Terror Attacks, Climate Change, Cancer: Connecting the Dots

My video on Mornings with Marilyn recently was about the terror attack in Sri Lanka over Easter. In that video, I touched upon some metaphors to help explain what we humans are doing to ourselves. In a nutshell: self-destruction.

Previously, I spoke about Christchurch as well, and the need for compassion and love to overcome hate and insecurity.

If we take the example of cancer, which is an auto-immune condition, we see that cancer is a way for the body to attack something in itself that it determines to be a threat. We attack our own immune system. Apply this to racism and hate crimes, and we see that we are attacking our own brothers and sisters because we perceive them as a threat. In this one organism, Earth, some of us deem others to be “bad, wrong, less than” and commence killing them. The result is pain and destruction that impacts the whole organism, or society and nature as a whole.

We humans are doing exactly the same thing to the climate. We are destroying our own life support systems – ocean life, forests and wildlife, freshwater systems, soil, and more – under the guise of “development” – which is really overconsumption and short-sighted political and economic greed. As a result, we are facing accelerating climate change, another kind of cancer that affects everyone, and every part of our global organism, albeit in different ways. The horrific California fires, intensifying Pacific cyclones, and many other signals cannot be ignored or denied.

As we destroy climate stability, we are also destroying our bodies. Eating meat and dairy products has a significant negative impact on climate change, and is associated with a host of lifestyle diseases, including obesity, diabetes, heart disease, and yep, cancer. Driving cars and flying in planes (I am very guilty on the latter), contributes to greenhouse gas emissions as well as asthma and other illnesses.

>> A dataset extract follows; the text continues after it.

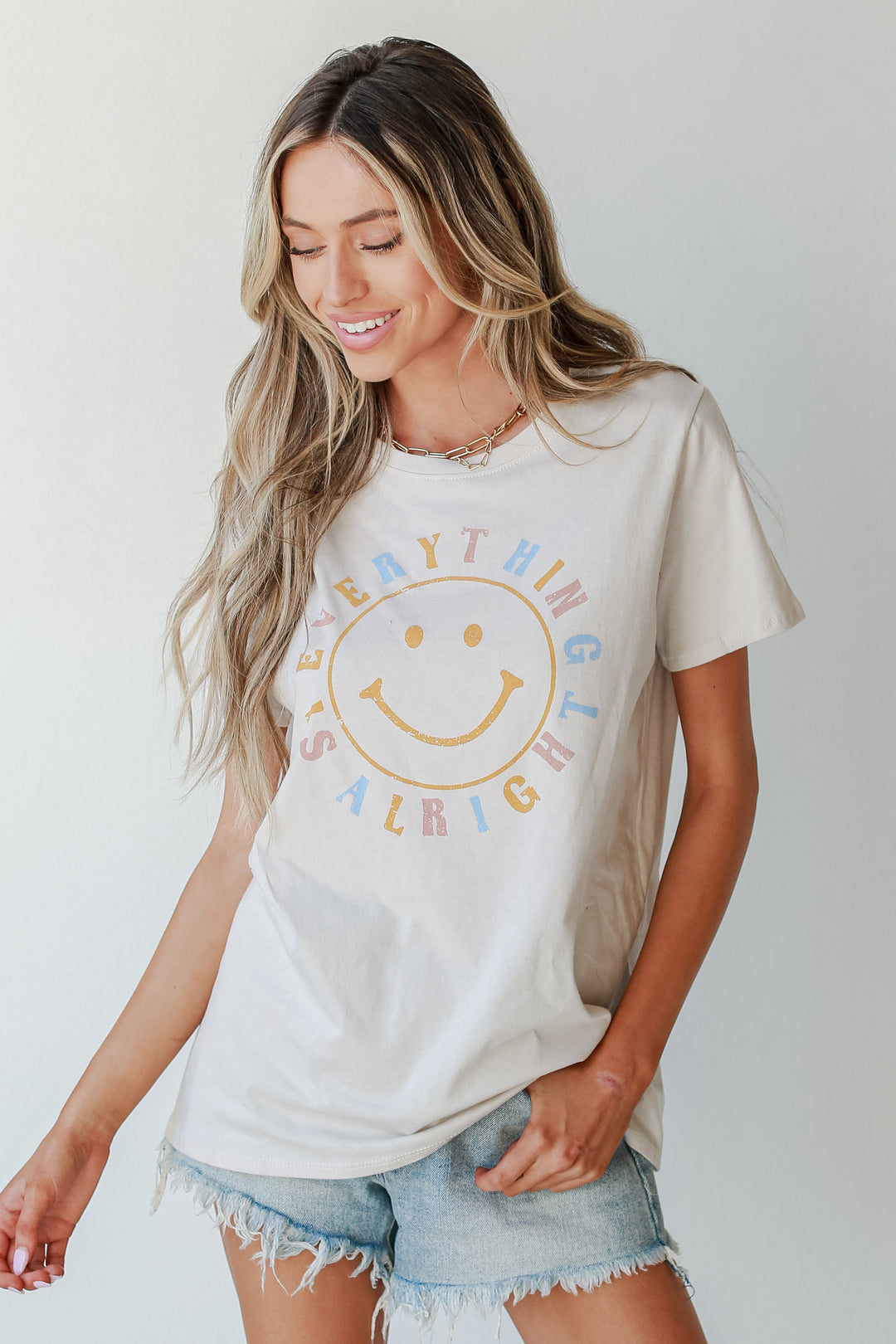Everything Is Alright Graphic Tee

Thankfully, there is hope; nature shows us a way. In nature, diversity of genes, functions, shapes, sizes, colors and more is prized as a path to resilience. Nature values differences to make a robust whole in the form of ecosystems. If we return to nature’s principle for affirming life, we would embrace diversity of religion, creed, thought, ethnicity, race, sexuality, gender, and so much more, instead of perceiving them as threats. As I’ve said before, there is no scientific basis for racism. Also, in nature there is no waste, and we would be wise to adopt a more “cradle to cradle” approach, and some companies are leading the way, yay!

We must restore us humans as a harmonious part of the richly diverse organism we call Earth, an idea that is now quite mainstream, according to this New York Times opinion piece. To bring us back to balance, we must uproot the trauma that leads us to anger, hate, and aggression in our own daily lives. It begins within, and reflects into the outer world. Every harm we cause to another, we cause to ourselves.